RE: Transition to a revised Technical Report Development Process [W3Process-ISSUE-39, W3Process-ACTION-10, proposal]

David raises a point that I don't recall the AB thinking very hard about:  People OUTSIDE the WGs need clear guidance about when to seriously review drafts.  We've tended to think that since WGs operate in public, the people outside the WG who care about a spec can read it,so they will read it as it evolves.  David reminds us that the noise level is so high unless one follows closely, it's not clear when it's REALLY ready for a wide review round.

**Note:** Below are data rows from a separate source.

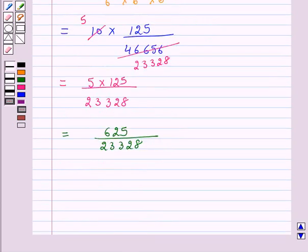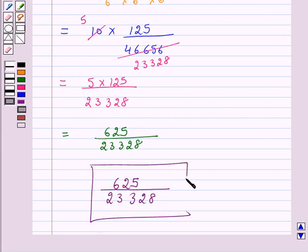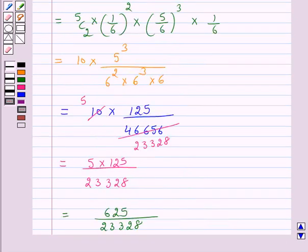Hence the probability of obtaining the third six in the sixth throw of the die is 625 over 23328. So this is the answer for the above question. This completes our session. I hope the solution is clear to you. Bye and have a nice day.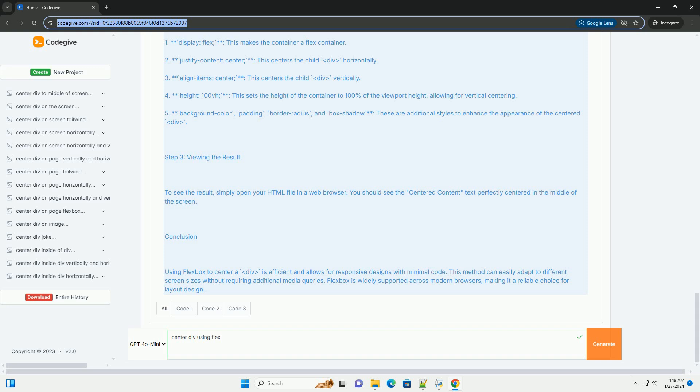Explanation of CSS Properties: 1. Display Flex - This makes the container a flex container. 2. Justify Content Center - This centers the child DIV horizontally.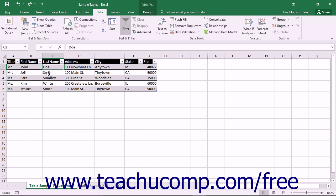By default, Excel can sort alphabetically or numerically in either ascending, meaning A to Z or 1 to 9, or descending, meaning Z to A or 9 to 1 order. It will sort from top to bottom by default, but it can also be set to sort from left to right if necessary.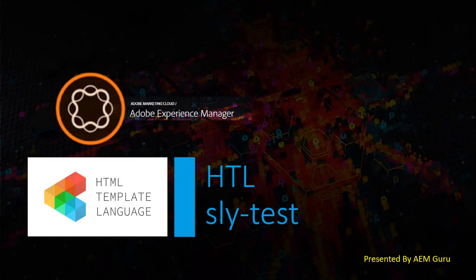Here, HTL sly-test is one such block statement. You will understand more about it.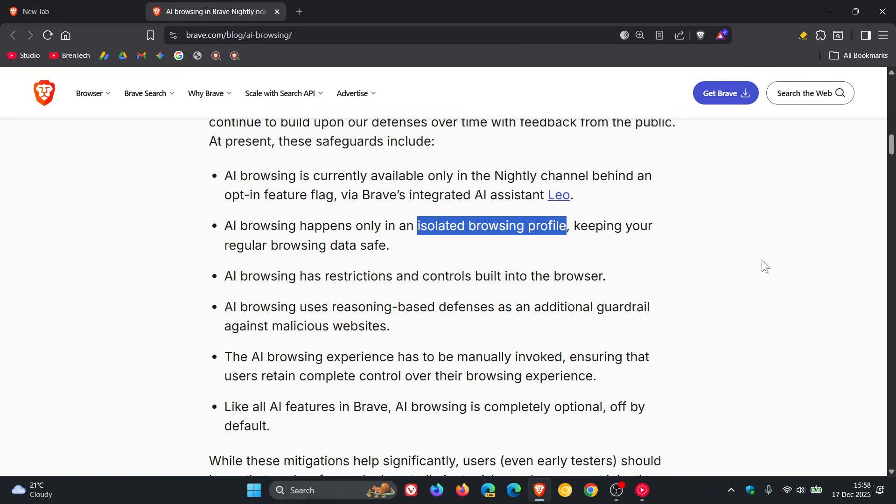And when you enable the Agentic AI features, the browser then creates a separate profile that is exclusively used for the AI agent, which I think is definitely a step in the right direction.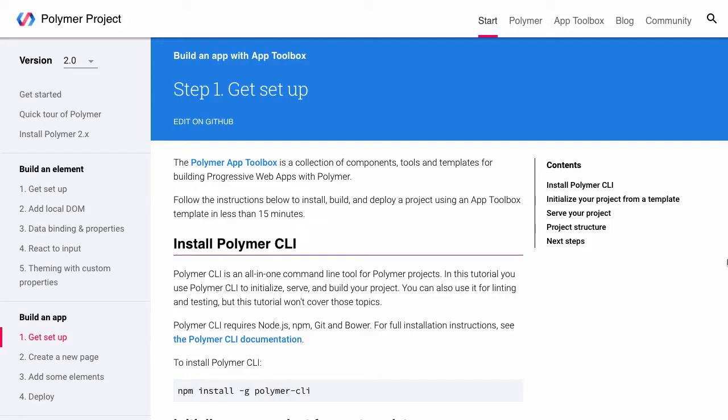Hi, my name is Juniper Belmont, and in this video I'll show you how to build a basic progressive web app with the Polymer 2 Starter Kit.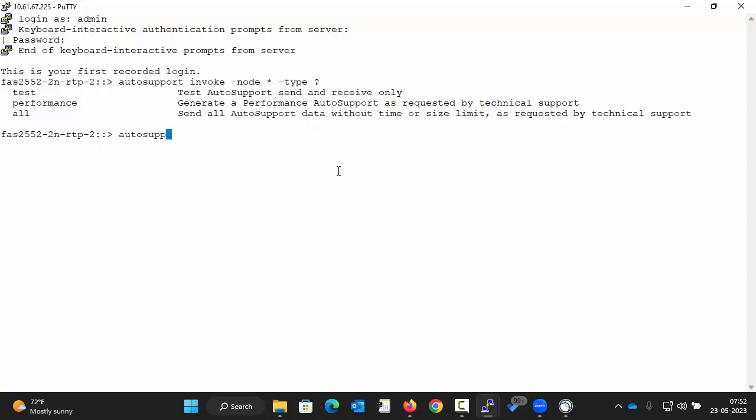Now to trigger a complete autosupport for all the nodes, execute the command as displayed on the screen.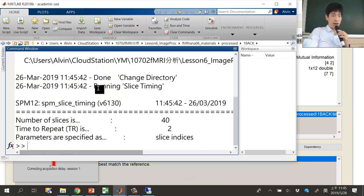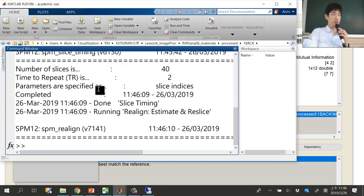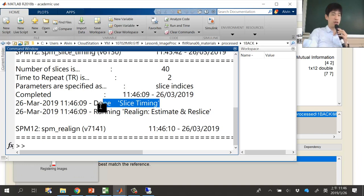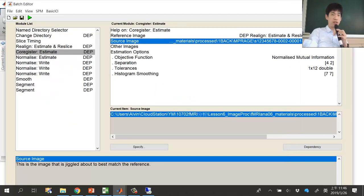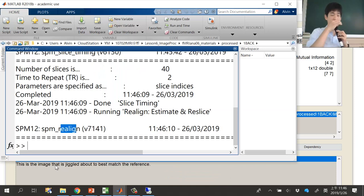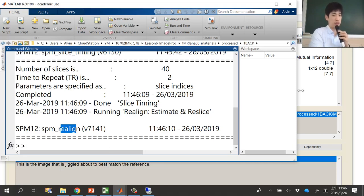Once you press the run button, you'll see the processing bar start. In the MATLAB command window you can see which step is currently running - for example, slice timing correction, then realignment. All steps will be processed sequentially according to the module list. Depending on your PC performance, it may take five to ten minutes for one case.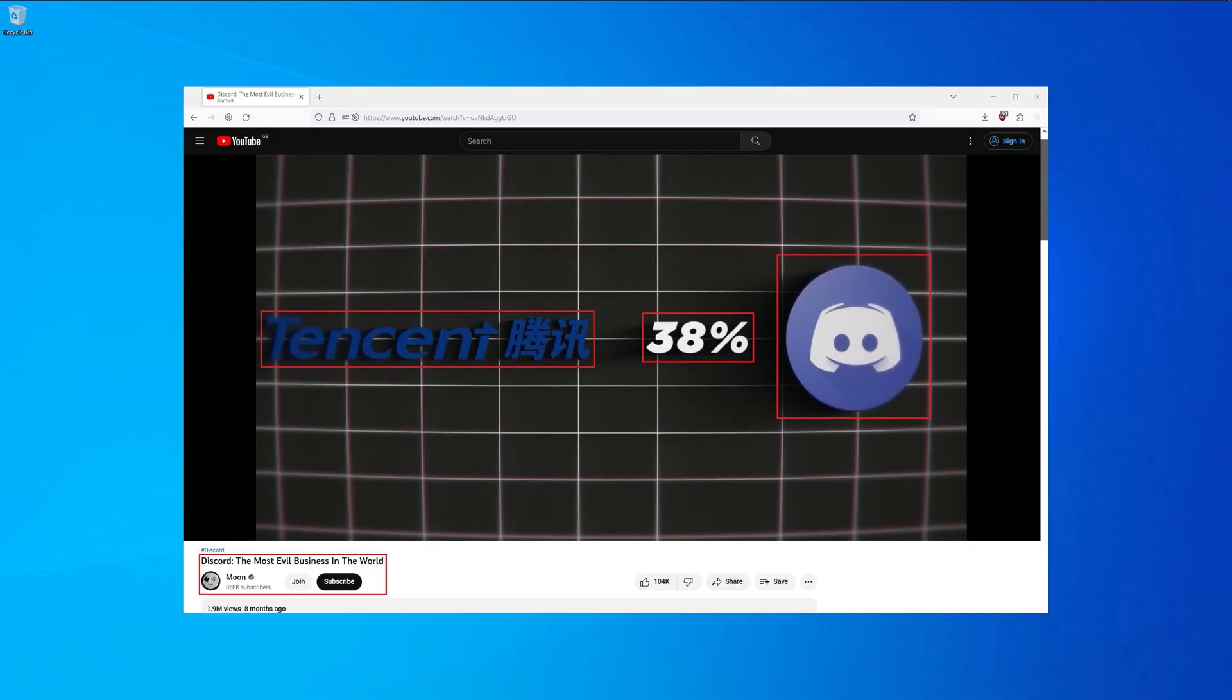The last thing I want to mention in this video is Mr. Moon. He made a very interesting video about Discord. If you haven't seen it, I highly recommend watching it. The link is in the video description.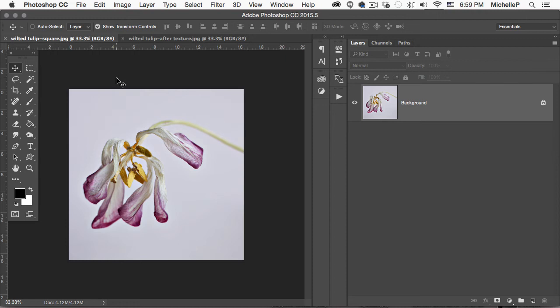Hi there, this is Michelle from PhotoRx. I'm going to walk you through a very quick edit using our brand new digital cyanotype Photoshop action set.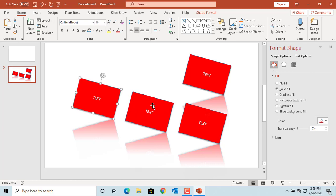This is how you can manipulate shapes in PowerPoint. If you like this video, please subscribe to our channel.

What we did consider are a couple of points:
- The LC and CR signals in the current process tend to happen these days after specs are widely implemented and what might sound like constructive suggestions (e.g., "the names aren't very intuitive") are made too late to be helpful.
- The spirit of all these proposed reforms is to allow WGs and their chairs to make context-appropriate decisions about when and how to do things like ask for wide review.  Likewise the process forces seemingly arbitrary transitions back to WD and then forward to LC or CR, and those transitions aren't necessarily useful signals to non-WG members.  I think we understand that this does put more of a responsibility on chairs, but hopefully more freedom for them to customize and optimize the workings of a group to meet its real constraints rather than having them dictated by the One True Process.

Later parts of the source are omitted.